L’atterrissage a lieu après un petite demi-heure de vol. Je suis à nouveau sans planning mais retrouve ici aussi un couple rencontré quelques jours aupravant relais de Bella.

Ouvea - Falaise de LekinyJe prends leur navette et choisi de m’arreter au premier stop, placés près de 2 sites à voir que sont les falaises de Lekiny et le fameux pont Mouli.
Le camping est spartiate mais les croquants le gérant accueillant, du moment que l’on fait l’effort.
Je plante ma tente et décide de me diriger vers le pont. Je me retrouve sans voix.

Ouvea - Pont Mouli

La notion du paradis sur papier glacé. Vous savez, ce que l’on cultive dans nos inconscients via l’apport des médias, des discussions de ces lieux de vacances trop touristiques. Cette plage part ci, ces cocotiers par là.
Je n’ai jamais vraiment été éduqué à cela. D’une car je n’ai connu de véritable vacance en dehors de la maison familliale que sur le tard (des escales sur Paris mises à part) et de deux parce que j’ai sans doute une répugnance naturelle à me caler au moule social et leurs idéaux et autres critères (inéxistant) de jugement.
Ouvea - Pont vu de la PlageMais je dois avouer ici, qu’en effet, le décors planté vaut des points : les photos se suffisent à elle-mêmes, n’est-il pas ?

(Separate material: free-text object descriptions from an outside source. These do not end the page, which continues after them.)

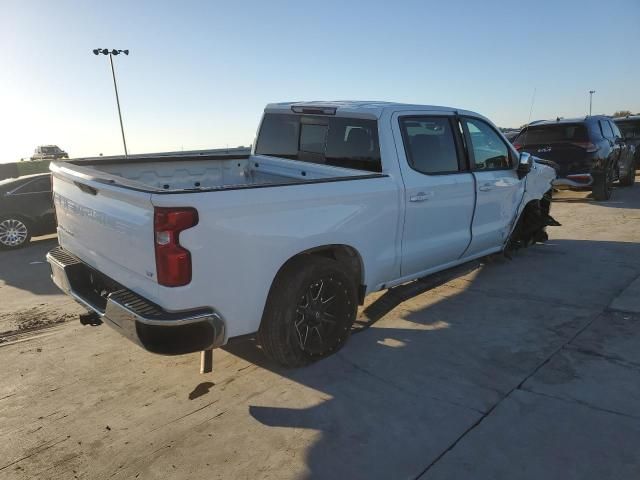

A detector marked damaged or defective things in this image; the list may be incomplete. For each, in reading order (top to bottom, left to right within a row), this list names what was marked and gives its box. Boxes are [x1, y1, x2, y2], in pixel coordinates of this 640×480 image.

damaged white pickup truck [46, 100, 556, 364]
exposed wheel well [270, 248, 364, 304]
cracked concrete surface [1, 177, 640, 480]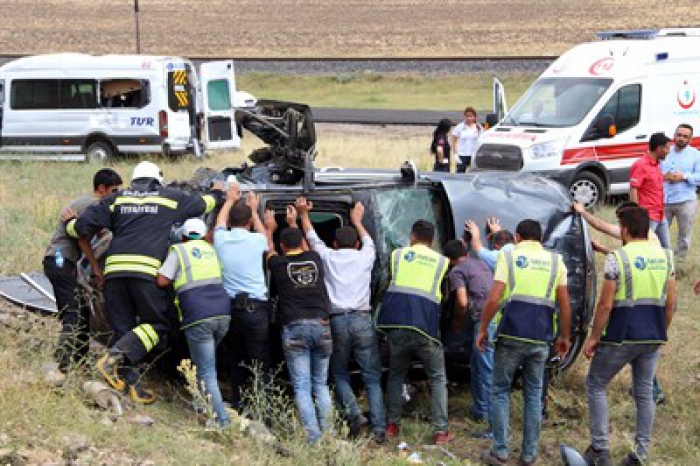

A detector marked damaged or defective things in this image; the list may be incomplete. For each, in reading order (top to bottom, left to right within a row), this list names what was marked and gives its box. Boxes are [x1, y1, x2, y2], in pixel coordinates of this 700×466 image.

overturned vehicle [79, 100, 596, 376]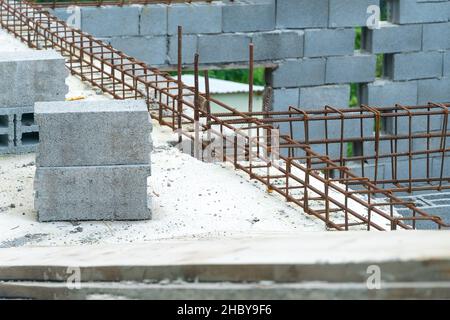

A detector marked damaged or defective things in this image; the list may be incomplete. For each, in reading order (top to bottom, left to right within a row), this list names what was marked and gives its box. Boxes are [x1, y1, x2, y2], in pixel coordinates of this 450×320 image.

rusty rebar cage [1, 0, 448, 230]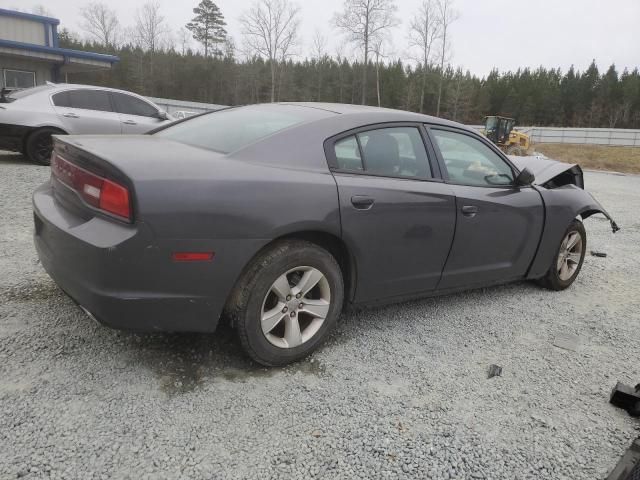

Je passerai des heures la bas, sur ce pont, à observer. Mes amies les raies sont de retour, elles font même des jumps : je suis obnubilé ! Quelques tortues, de ci de là, daignent montrer le bout de leur nez ou de leur carapace. Des poissons multi-color se baladent, certain sautent, d’autres se déplacent avec leurs copains ou bien d’autres draguent le fond.
Facile de se laisser absorber par ce tableau !

Ouvea - Sunset

Et au final, je passserai les 3/4 de mon temps ici. À parler aux étrangers, à observer ou alors, à rester seul, à profiter des levés-couchés de soleil. C’est d’un banal, d’un classique, et ça me plait.
Mais cela n’enlève pas qu’il y a facilement de quoi s’ennuyer. Car au delà d’un cadre magnifique, il n’y a rien. La pèche ? Peu pour moi. Un poil de balade ? Les falaises, la pointe sud, les plages, quelques trous d’eau. Cela est un peu fade face à cette vision.

En dehors, aucun ‘festif’ ; car j’avoue, j’aime la ville, donc la vie, donc les activités.
Ici, un rythme pénard. Un tempo de fin de vie.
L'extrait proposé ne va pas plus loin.